- **Aim of the task**:
Copy nothing but the lines below, from the one with "Once inside the" through the one with "So that's it!", exactly as written; no pictures should appear.

(Beginning of Source material)

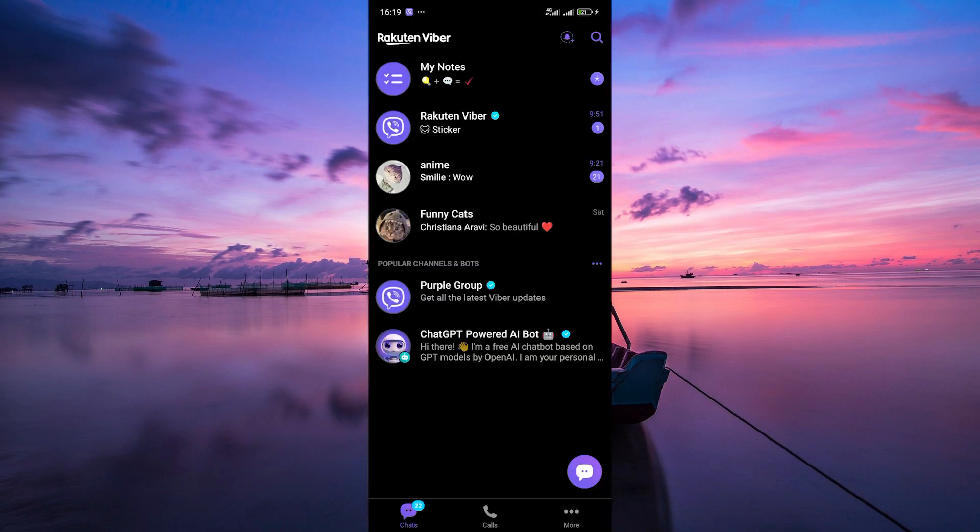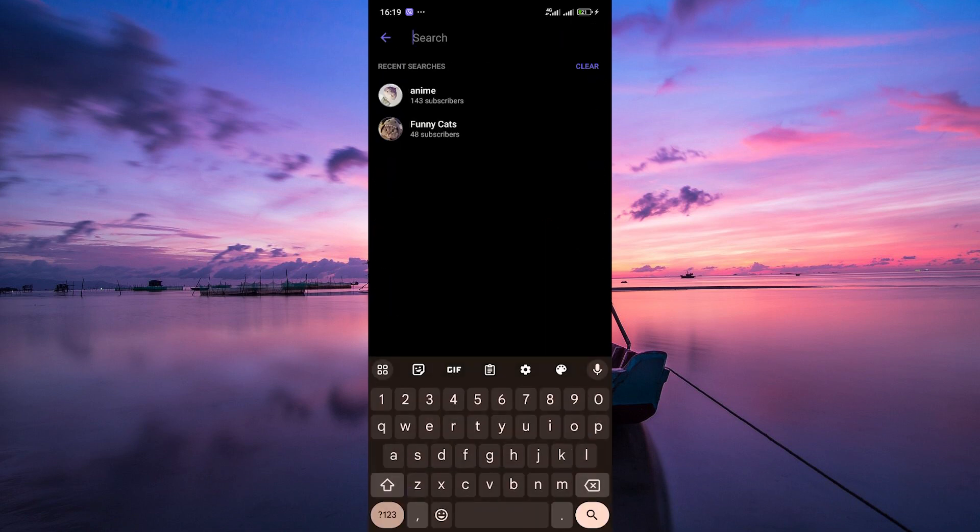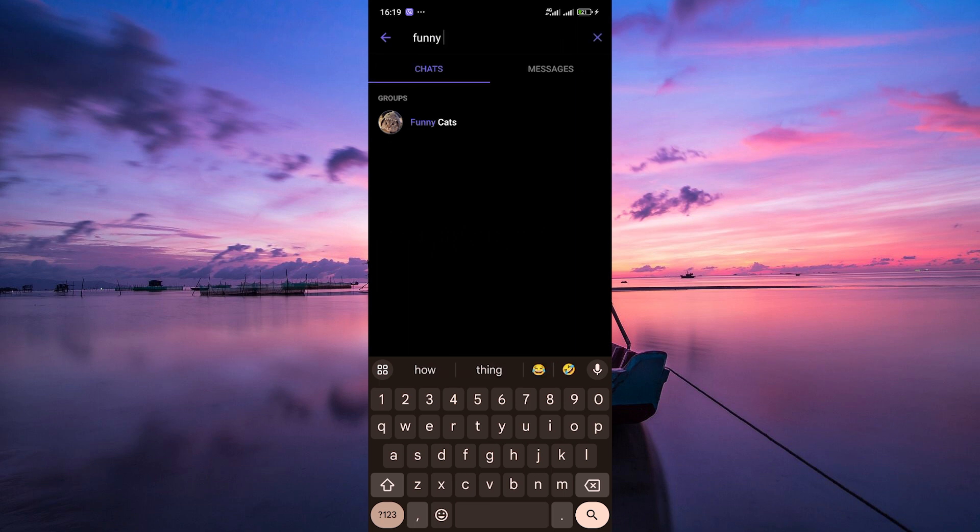In the Chats tab, look for the search icon at the top right corner. Tap on it and search for the group that you want to join. You can search for specific keywords or topics and browse through the list to find a group that interests you.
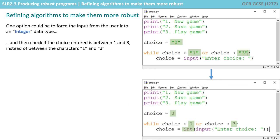So one option to make the program more robust, and I'm not saying this is the best option, but one could be to force the input from the user into an integer data type. You can see that down the bottom: choice equals int input. So whatever the user types in we force into an integer and then we check if the choice is between the integers one and three instead of between the characters one and three.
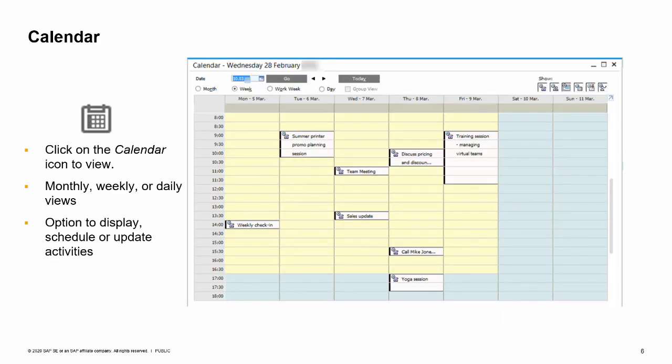One easy way to schedule activities such as meetings is to use the calendar — just click on the calendar icon in the toolbar. The calendar provides monthly, weekly, and daily views. There is even a group view that can facilitate scheduling team meetings. The calendar allows you to display, schedule, and update activities by dates and users. The activity types that appear in the calendar include phone call, meeting, campaign, note, and other.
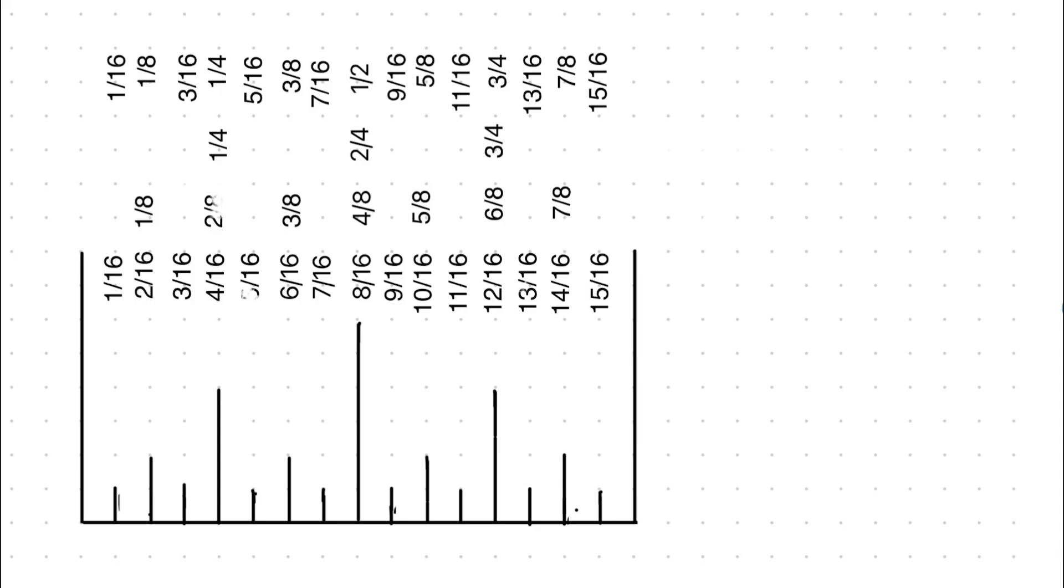Sorry about the 2/8ths and 5/16ths, it's got some kind of smudge, I couldn't fix it.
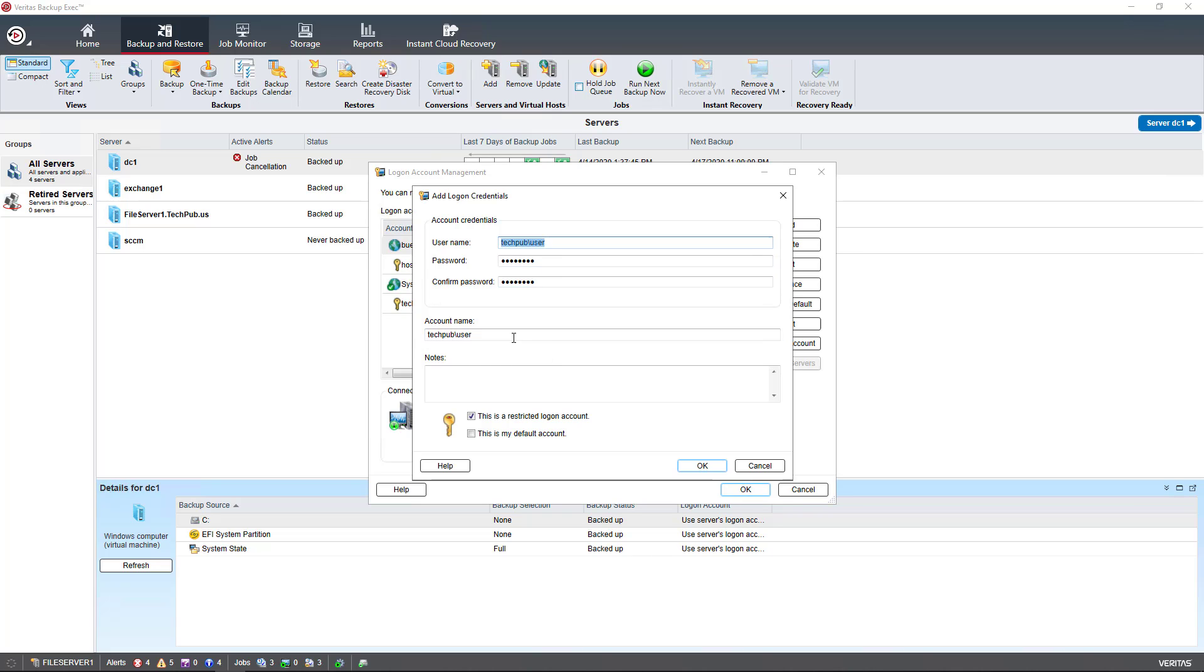You can see the account name is going to match the username. It doesn't have to, but the account name does have to be accurate. By default, it's going to be a restricted Logon Account for a particular resource, and that's fine.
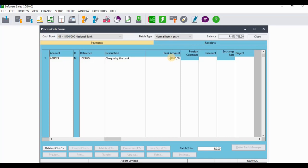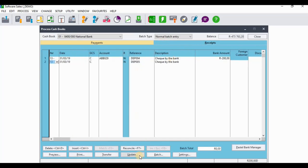So the baseline is that you need to go to the cashbook receipts side and use the same entry types that you used for the original entry. You're going to use the same references, you're going to use the same amount, but you're going to insert a minus sign in front of that amount so that when Pastel adds those two entries together it will result in a nil balance.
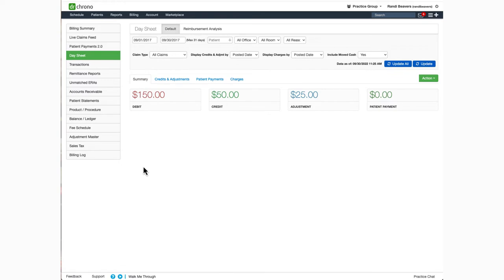Once inside the report, you'll have additional filters available. The first is a date range. Here, you can select to see a single date of data or a date range, up to a maximum of 31 days.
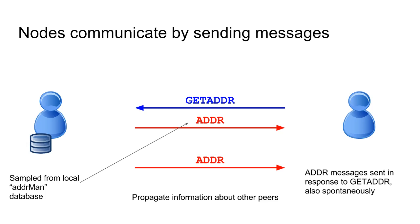You also get addr messages spontaneously. When a connection is formed, one of the peers will send an addr message to the other, and that propagates through the rest of the network. So you can either get an addr message in response to a getaddr or just randomly.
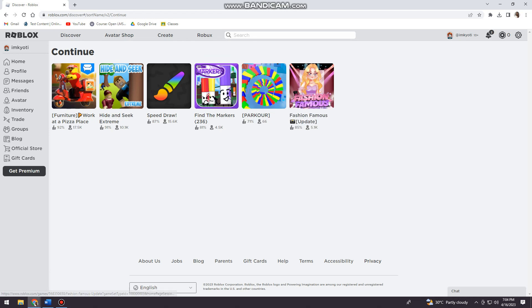So that's it! That is how you see all the games you've played on Roblox. I hope this video helped you, and if it did, make sure to like, subscribe, and hit the bell notification so you won't miss a video. See you in the next one and have a great day!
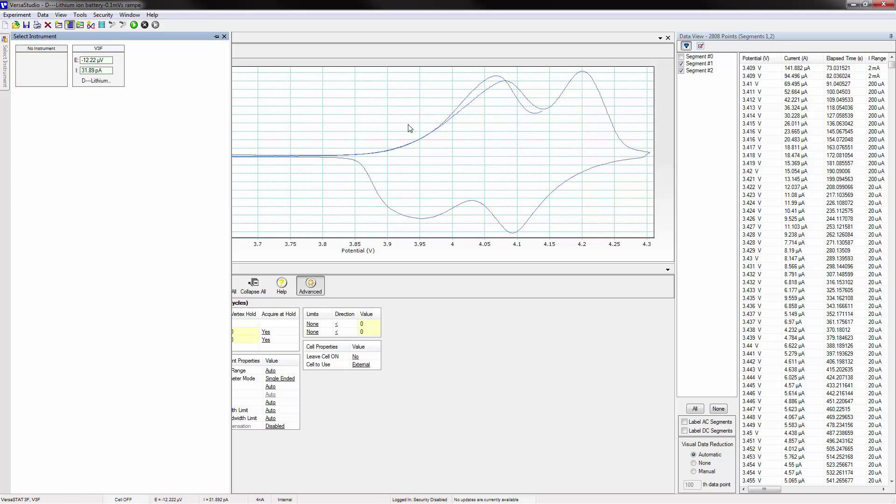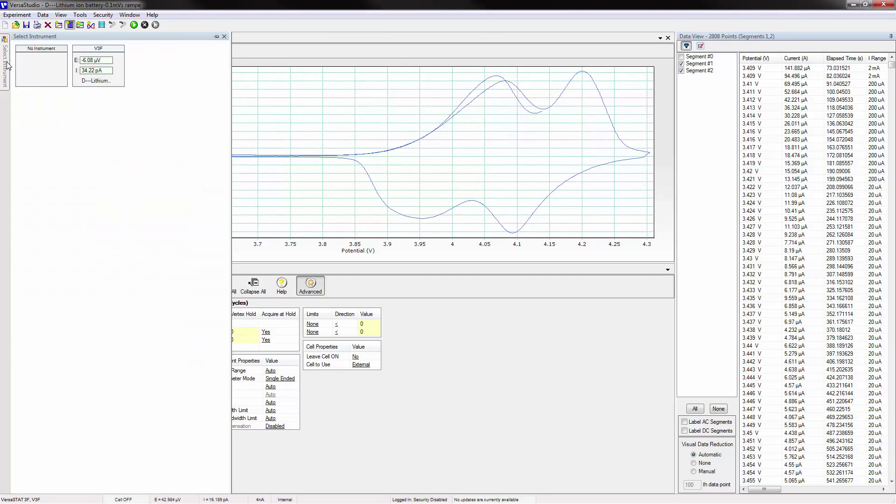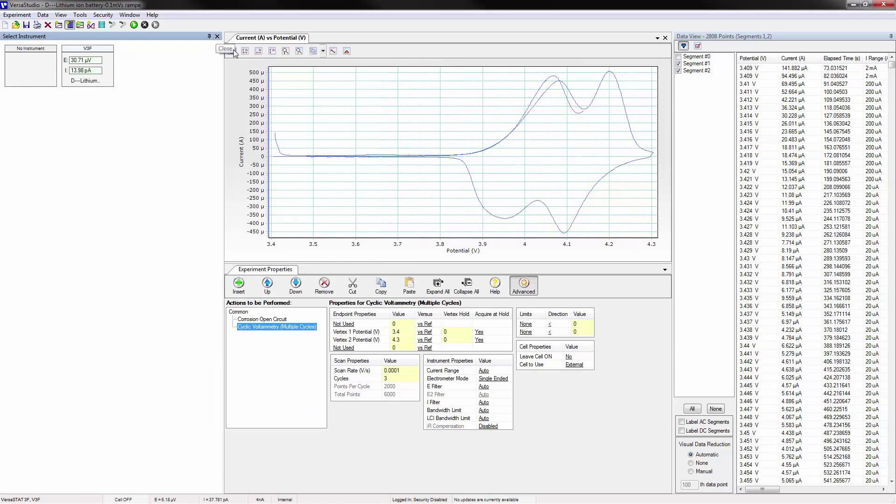Moving the mouse to another area of Versus Studio causes the window to auto-hide. Some users may prefer that this window be visible at all times. This can be accomplished by clicking on the pin icon in the top right-hand corner. Once the window is pinned, it can be resized.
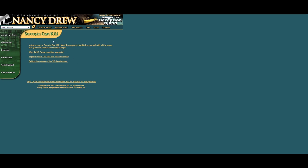Her Interactive actually made a bit of an interactive web demo for Secrets Can Kill. Not really a web demo, but more just like information about the game. And these links still work as far as I am aware. So we've got Who Did It, Come Meet the Suspects, Explore Paseo Del Mar and Discover Clues, and Behind the Scenes of 3D Development.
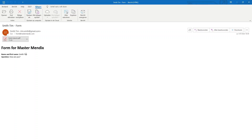You can also see the name Smith Tom and the question 'how are you'. So this was my first video — hit the like button, subscribe, and turn on notifications. If you have any suggestions for what I should include next time, let me know in the comments, and I will see you in the next one.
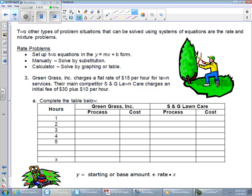There are other types of problems. This one is what they call a rate problem. Two other types of problem situations that can be solved using systems of equations are rate and mixture. For rate problems, you want to set up two equations in slope-intercept form, y equals mx plus b — that's nothing new. Then we can manually solve by substitution, or solve using the calculator, which has been our method of choice. If we can accurately get the information in the calculator, the calculator should accurately give us an answer back.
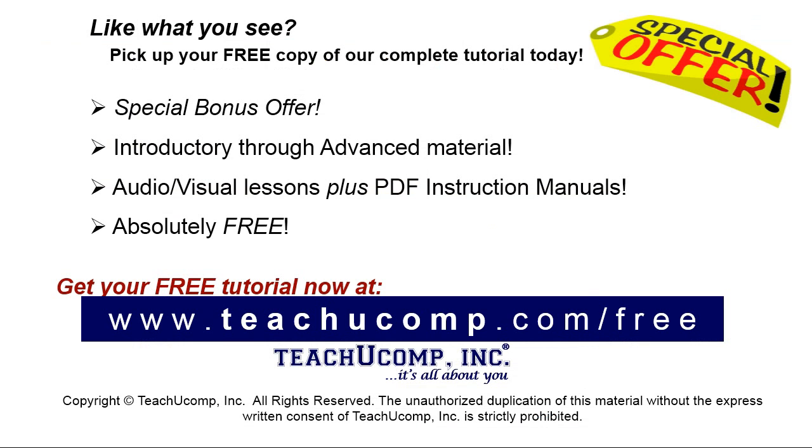Like what you see? Pick up your free copy of the complete tutorial at www.teachyoucomp.com/free.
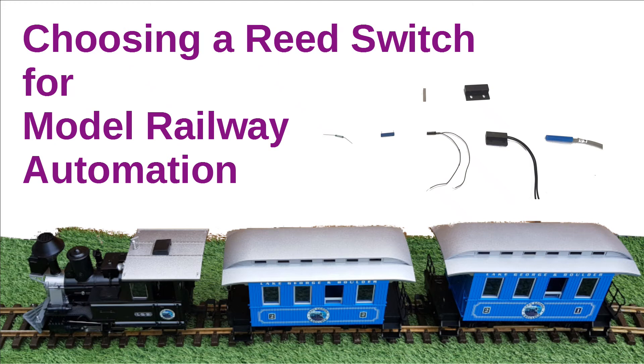Welcome. This is a short video to explain about different reed switches and what to look for when choosing a reed switch for model railway automation.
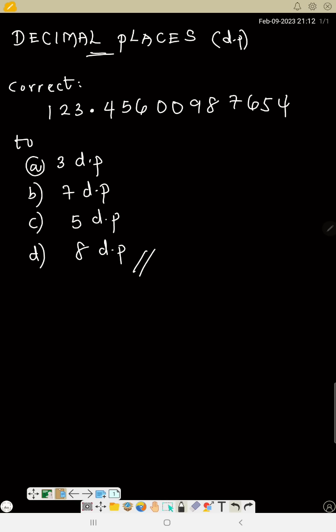To approximate a decimal number, count the numbers after the decimal point. For 1 dp, count one number after the decimal point; for 2 dp, count two numbers — one, two — and take note of the number that follows where you want to stop. If that number is four or below, you don't add anything; if it is five or above, you add one. Don't forget! Try this, then let's move to significant figures.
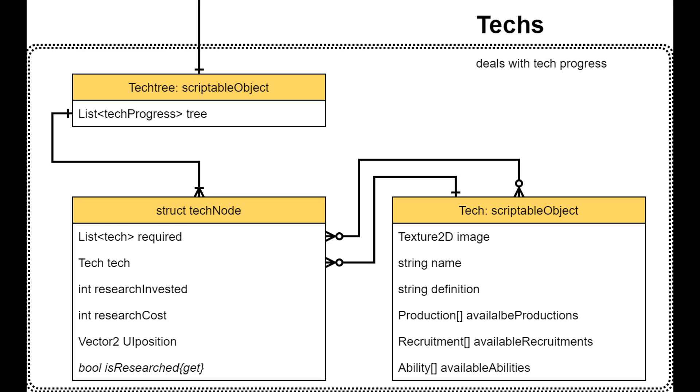Also, not every class has to inherit from something else. For example, each tech node is referenced by only one tech tree, and doesn't need to be referred by any other. So no need to make it inherit from another scriptable object.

(End of Source material)

- **Written answer**:
Once inside the report, you'll have additional filters available. The first is a date range. Here, you can select to see a single date of data or a date range, up to a maximum of 31 days.
You also get addr messages spontaneously. When a connection is formed, one of the peers will send an addr message to the other, and that propagates through the rest of the network. So you can either get an addr message in response to a getaddr or just randomly.
So that's it! That is how you see all the games you've played on Roblox. I hope this video helped you, and if it did, make sure to like, subscribe, and hit the bell notification so you won't miss a video. See you in the next one and have a great day!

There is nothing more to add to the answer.